What is required —
Return a faithful copy of all the entries, omitting the images.
** Provided data follows **
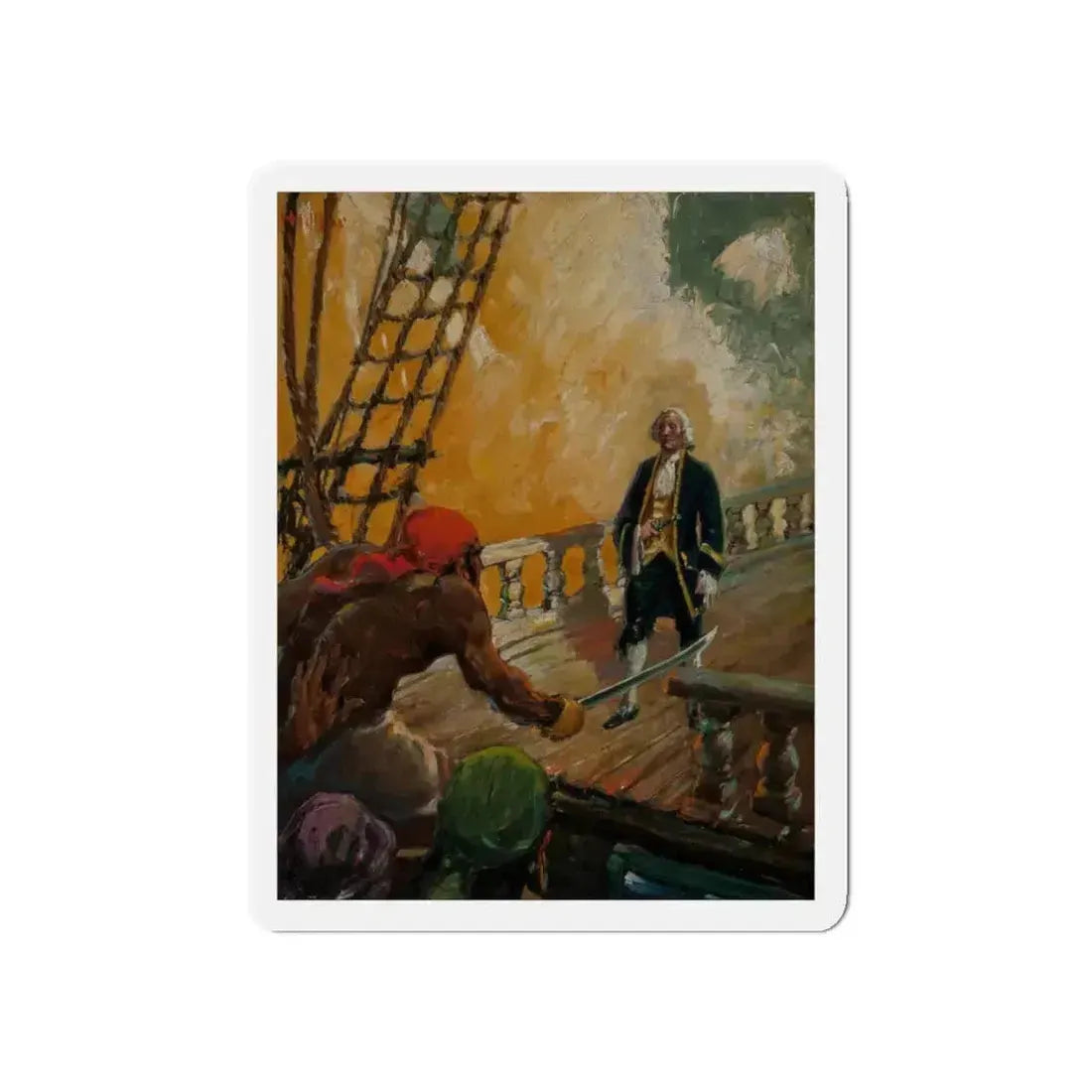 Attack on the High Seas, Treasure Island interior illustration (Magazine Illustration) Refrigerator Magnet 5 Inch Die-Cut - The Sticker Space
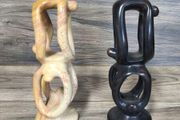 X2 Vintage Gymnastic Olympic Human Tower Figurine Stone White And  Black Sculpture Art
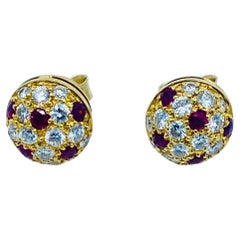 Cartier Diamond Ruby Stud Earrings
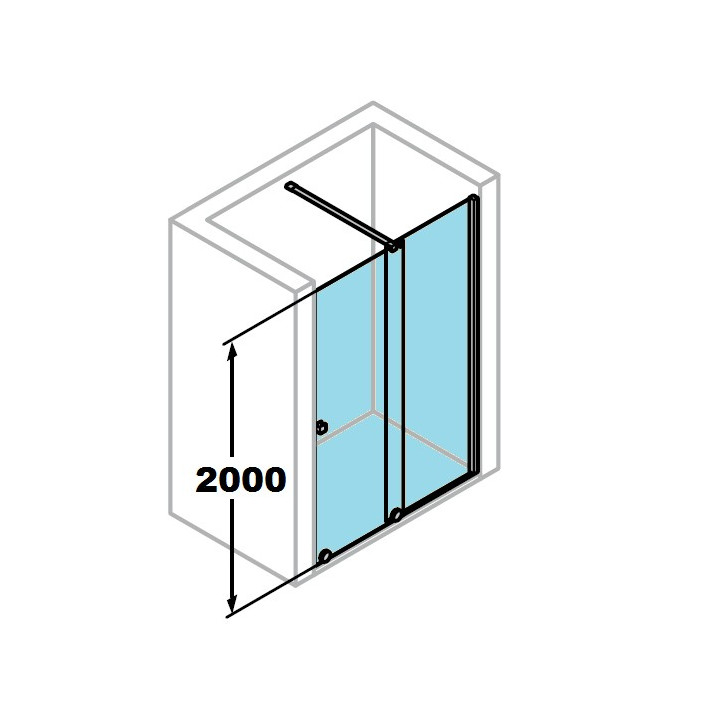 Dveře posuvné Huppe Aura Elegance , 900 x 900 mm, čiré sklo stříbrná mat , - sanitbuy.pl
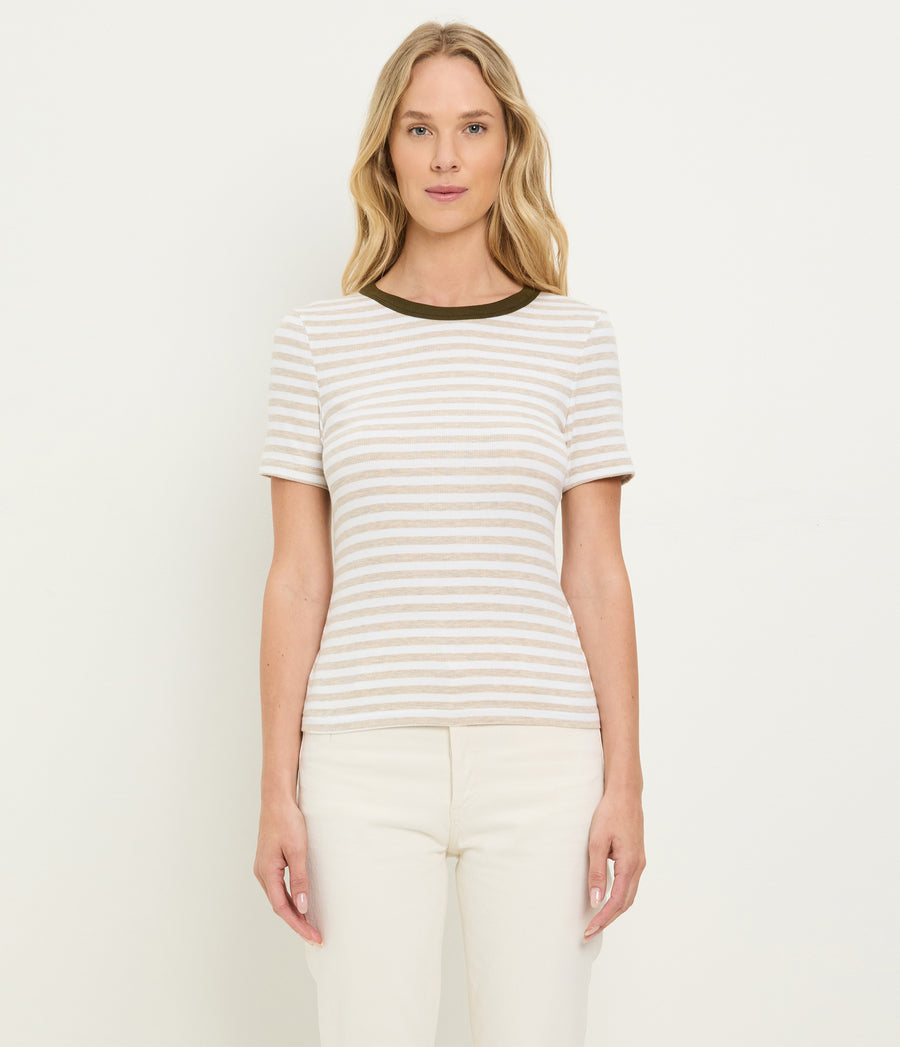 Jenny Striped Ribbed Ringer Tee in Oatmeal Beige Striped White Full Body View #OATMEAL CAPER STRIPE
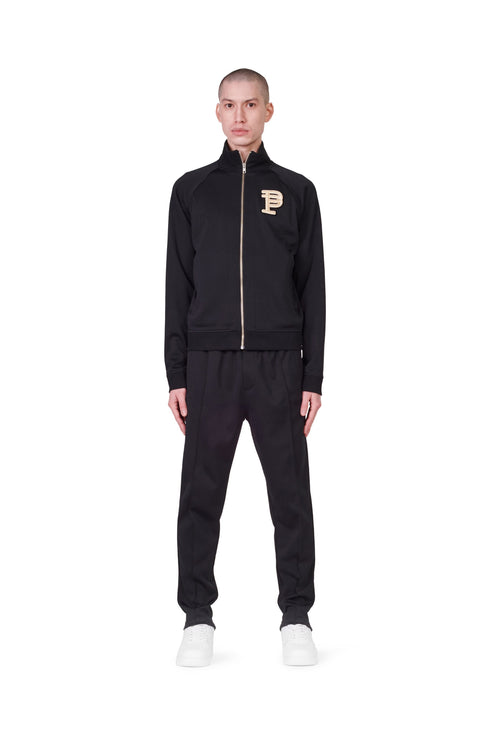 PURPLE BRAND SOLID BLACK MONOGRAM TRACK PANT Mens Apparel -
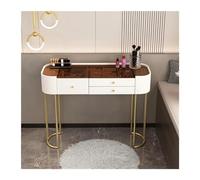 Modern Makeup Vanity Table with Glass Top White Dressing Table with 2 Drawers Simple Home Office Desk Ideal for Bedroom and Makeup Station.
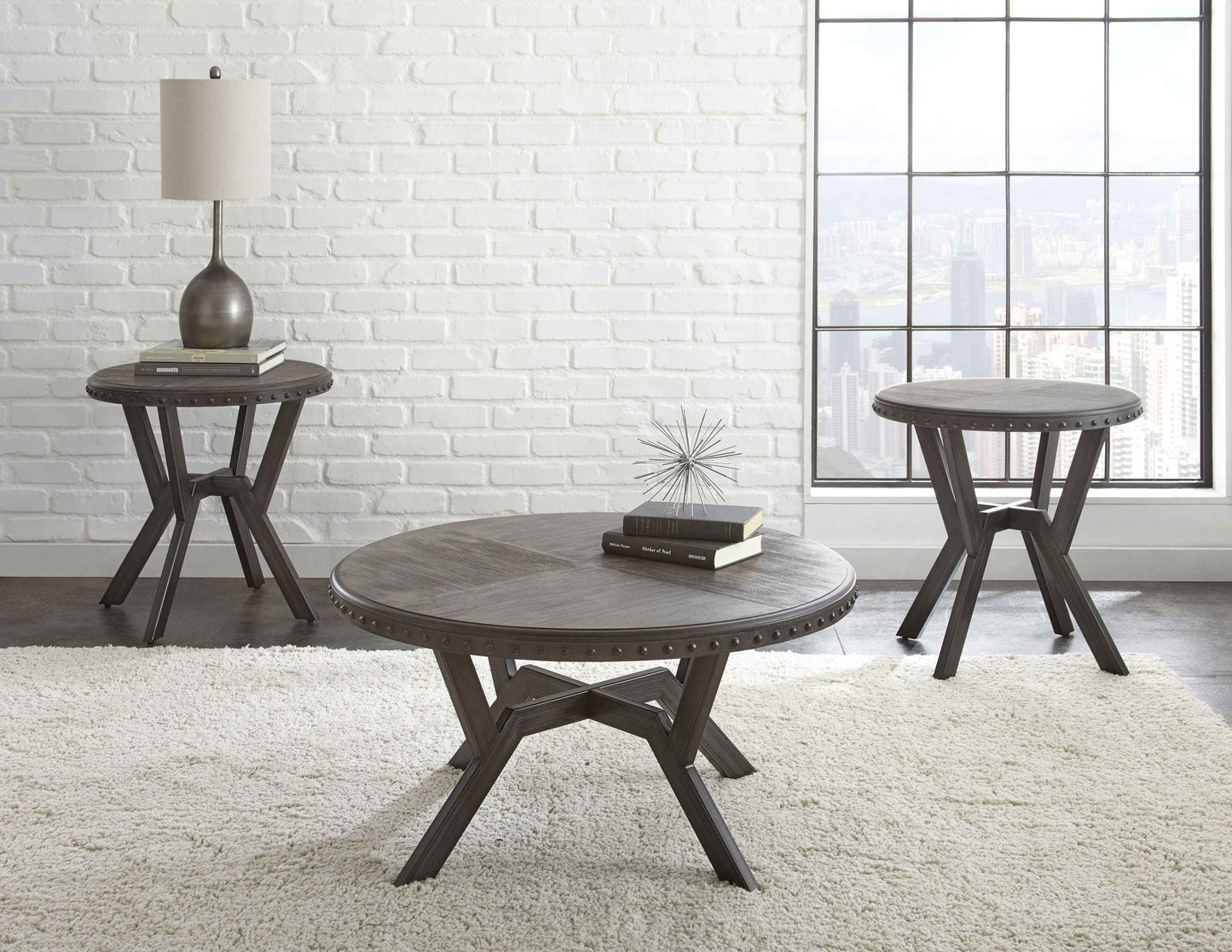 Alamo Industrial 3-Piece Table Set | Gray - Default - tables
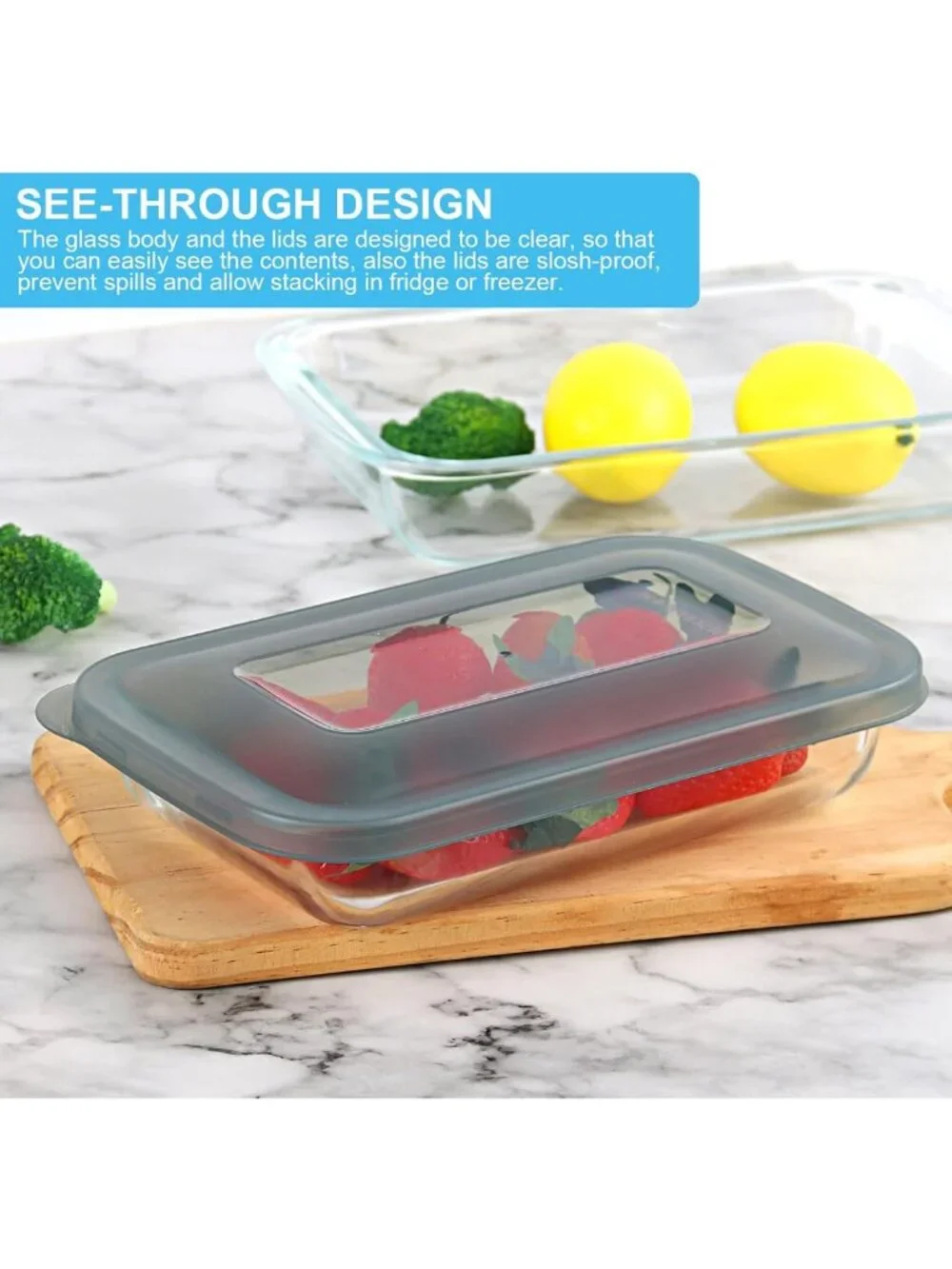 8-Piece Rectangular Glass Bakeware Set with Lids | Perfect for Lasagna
** End of Provided data **
Result of the task —
 Attack on the High Seas, Treasure Island interior illustration (Magazine Illustration) Refrigerator Magnet 5 Inch Die-Cut - The Sticker Space
 X2 Vintage Gymnastic Olympic Human Tower Figurine Stone White And  Black Sculpture Art
 Cartier Diamond Ruby Stud Earrings
 Dveře posuvné Huppe Aura Elegance , 900 x 900 mm, čiré sklo stříbrná mat , - sanitbuy.pl
 Jenny Striped Ribbed Ringer Tee in Oatmeal Beige Striped White Full Body View #OATMEAL CAPER STRIPE
 PURPLE BRAND SOLID BLACK MONOGRAM TRACK PANT Mens Apparel -
 Modern Makeup Vanity Table with Glass Top White Dressing Table with 2 Drawers Simple Home Office Desk Ideal for Bedroom and Makeup Station.
 Alamo Industrial 3-Piece Table Set | Gray - Default - tables
 8-Piece Rectangular Glass Bakeware Set with Lids | Perfect for Lasagna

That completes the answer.